As with free software, tools matter. “One of the most important examples” of free culture tools, Larry says, is the Weblog:
Free culture is about the transformation between a broadcast culture and a procreative culture—from a broadcast culture where the few speak to the many to a procreative culture where the many speak to the many. That's what the Internet is supposed to have been about forever. But blogging is the first time that it happens in the context of political ideas that get translated and expanded upon as other people comment on them. In the context of political campaigns...they become better citizens. They become engaged citizens. There has been no new technology in the last 150 years that has produced more engaged citizens.
Larry said all this in late 2003, when Howard Dean had emerged as the leading Democratic candidate for president. During the 2003 calendar year, the Net-centric Dean campaign started from nowhere, raised record sums of money, involved record numbers of people and made its candidate a frontrunner in the polls as well as the purse. When it was over, and John Kerry ran away with the Democratic party nomination, the mainstream press predictably compared the Dean campaign to the dot-com bubble. Joe Trippi, Dean's campaign manager, voiced what everybody who truly watched the campaign or participated in it knew intimately:
This was not a dot-com crash. The Howard Dean campaign was a dot-com miracle. Let's look at this thing. This guy starts...on January 31 of last year with seven people, $157,000 in the bank, 432 known supporters nationwide....He was an asterisk....How did it happen? It is a miracle that Howard Dean moved from there to $45 million, more money than any Democrat in history has raised....He didn't do it. I didn't do it. You did it.

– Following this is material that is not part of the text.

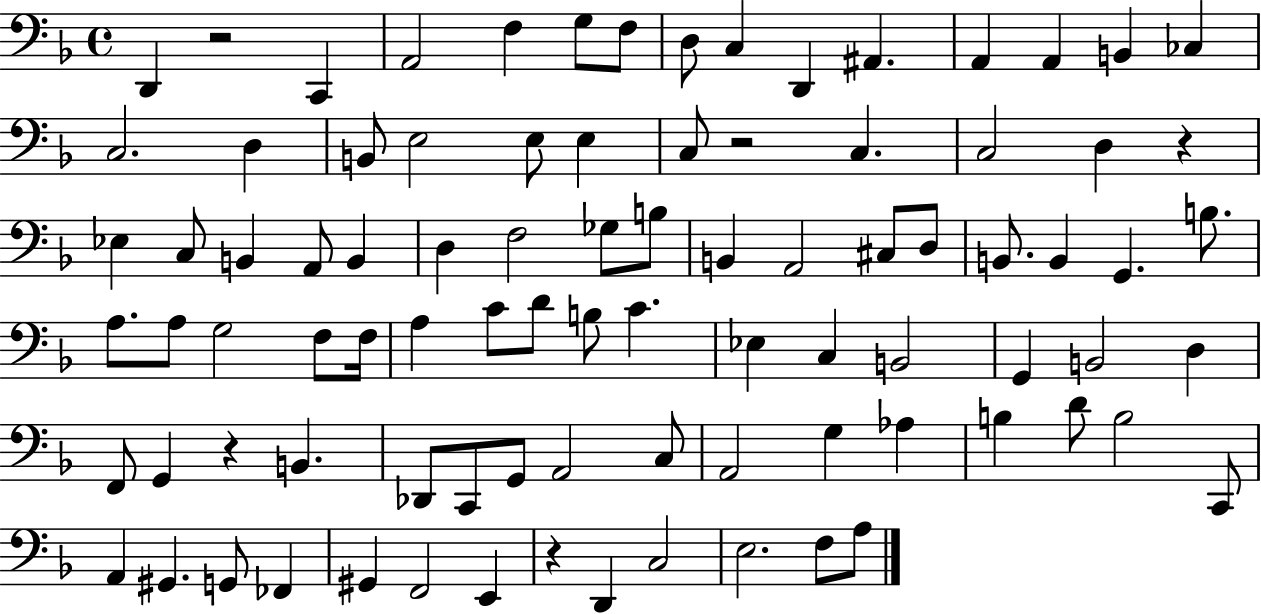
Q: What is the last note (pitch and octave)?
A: A3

Politics, Trippi said, was no longer something mediated by the media, no longer a horse race run and covered exclusively by professionals. It was, Trippi said, the end of an era that began with the televised Kennedy-Nixon debate in 1960:
It took about five to ten years to realize that was the moment when television was going to change everything in America's politics. What no one could've predicted was that it would have become a race for money, a race to buy a one-way communications tool that would take the American people essentially out of the process. It was no longer about average Americans, it was about, “How do I find a rich guy to write me a $2,000 check and then how do I take that money and buy television with it?”
Joe Trippi said all this on February 11, 2004, in his keynote address to the Digital Democracy Teach-In, an event that opened O'Reilly's Emerging Technology Conference. That event was an idea I suggested to the O'Reilly folks at the end of the company's Open Source Convention in July 2003. It also was my idea to invite Joe Trippi to keynote the thing. That idea came to me while Britt Blaser, founder of xpertweb.com and an energetic Dean volunteer, was giving me a tour of the Dean Campaign headquarters in Burlington, Vermont. I was present in purely electronic form. My face was on Britt's laptop, my voice was on his laptop speakers and my eye was a camera mounted on the laptop lid. My body was in California. It was in this disembodied form that I met Joe. Walking around holding the laptop like an hors d'oeuvre tray at a party, Britt ran into Joe in the hallway. After saying hi, I asked Joe to keynote the February event. To my astonishment, he said yes.